One of the most important relationships we have outside of family and friends are the ones we share with our doctors and practitioners.  In this era of patient-centered care, the focus to the patients’ expectations on their doctor/practitioner have now outweighed the expectation of the doctor on the patient. So, is this a good thing? Yes and no. Like any good relationship it takes 2 parties to make it work. The best relationships are formed and continue to grow based on how the parties interact.

These 10 points will help empower you, the patient to better control your destiny in these situations. It is your health after all.

1. Before your appointment make a list of questions. Make it no longer than 5 but realize you will probably only get to 3. Focus on what matters most.

Hint: Think about your objective for the appointment and don’t let it get lost in your quest to be cured instantly.

2. Always aim to be the first patient of the day (this is also applicable to surgery).

Why? Everyone is fresh and open-minded. Your doctor has not been jaded by 10 other patients and this is your opportunity to start his or her day off on the right foot.

3. Listen after you ask a question, do not ramble on.

The art of the pause is very important as it allows the professional to regroup his or her thoughts and shows respect on your end.

4. Do not bring your own research or opinions from Dr. Google.

Instead use your research to form your questions. Remember you are not an expert nor is your doctor on everything, but you are the expert on you.  As well, don’t push for what you perceive to be the issue. Use the appointment time wisely to explore and take the proper next steps.

How to phrase your own findings: I wanted to understand what I was experiencing, and found this online – what do you think?

5. Look your doctor or practitioner in the eye when you greet and speak to them.

Accept the same in return.Jumping right in with issues gets everyone on edge for no reason. Eye contact changes the way we respond and lowers our cortisol levels.

6. Ask your doctor or practitioner how they are.

Acknowledgement that we are all the same human species makes for a level playing field so all parties feel more comfortable.

7. If you don’t like your doctor or have a personality clash get a new one – you are doing everyone a favour.

The other reasons that may call for this are:

A. Wait times to see him or her

B. Your first language is not English – find someone who speaks your mother tongue

C. The support staff make you uncomfortable or continuously make errors

D. The doctor has poor listening skills

8. No one is perfect.

If something is not working or makes you uncomfortable it is your life/health. Speak directly to your doctor/practitioner and resolve or move on. Many people feel intimidated by a doctor or practitioner – if your intuition says something or you were not understood speak up.

Is it your intuition or you?

A. Are you looking to hear something your doctor is not telling you?

B. Are you not listening?

C. Looking for an excuse not to get well and avoid the doctor’s office

9. Don’t look for problems.

Maybe you are having emotional issues or hate your job. Yes, you can manifest something and get pills, but remember the saying: Be careful what you wish for.

If you are having any issues – change your appointment and maybe take a day off instead.  Sometimes, the doctor serves as a friend/psychologist.  Because of the nature of how a practice is set-up they are limited for time.  You must acknowledge this as well, and ensure that what you are asking is valid and within their scope.
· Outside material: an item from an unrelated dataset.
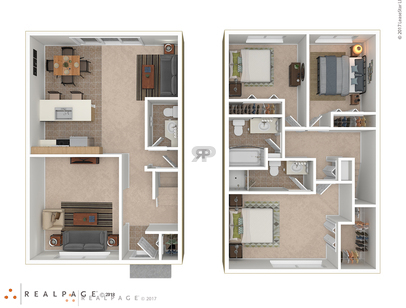 3 Bed / 2.5 Bath TH: Beds - 3: Baths - 2.5: SqFt Range - 1460 to 1460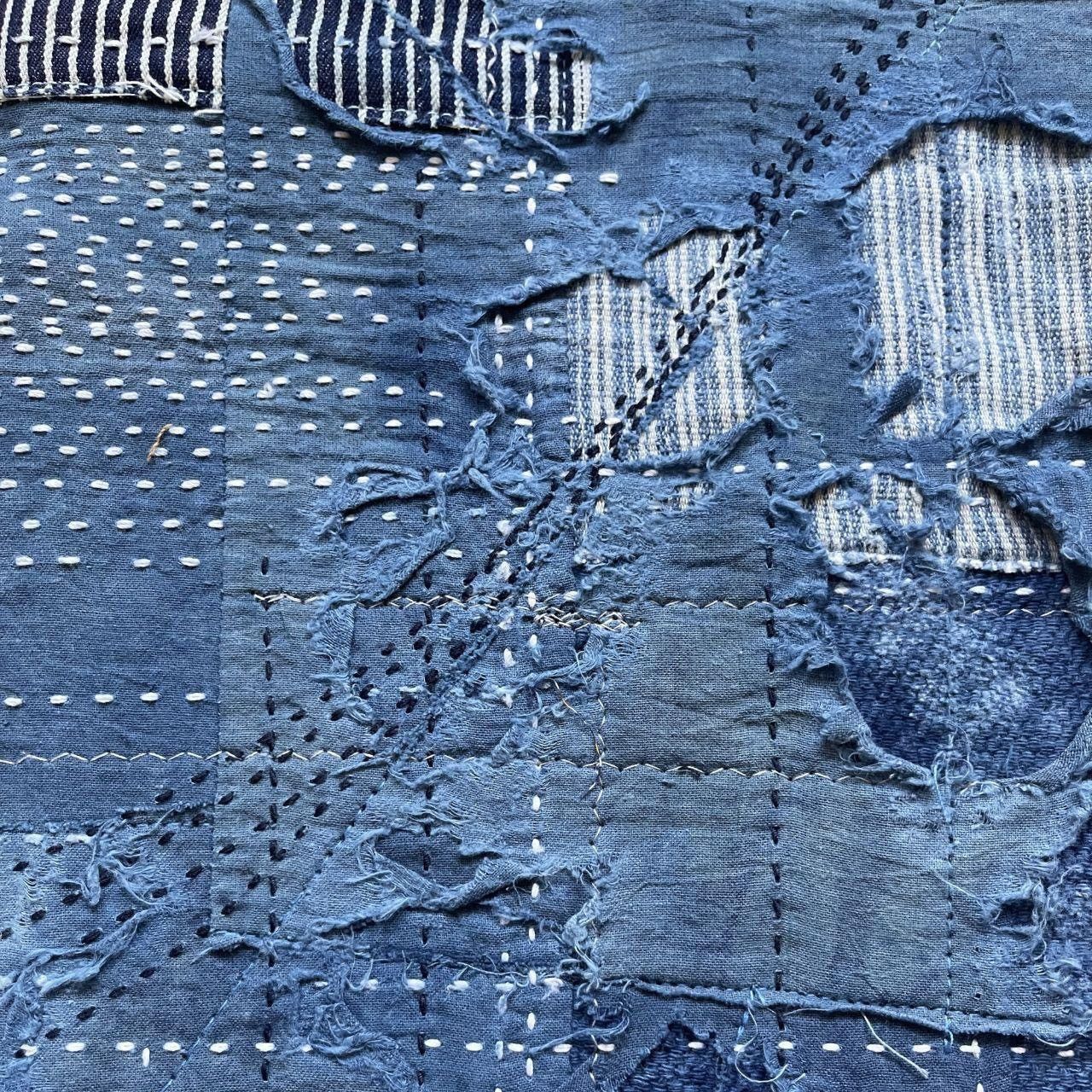 Kapital Indigo Boro Sashiko Distressed Jeans Size US 30 / EU 46 - 5 Thumbnail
Pills do not solve life problems. A prescription to be happier and take a walk just might…

10. A good patient forms a bond with a practitioner/doctor that allows him or her to grow with that practice and as health issues occur call upon that professional for help.

However, you are first and foremost responsible for your health. Take it seriously as your life depends on it.

A doctor is just a human with a different skill set.  Often we put too much on their shoulders, when in fact it truly starts with ourselves.  Before you do to your appointment audit your lifestyle: food, sleep, habits… be honest and also share these with your doctor.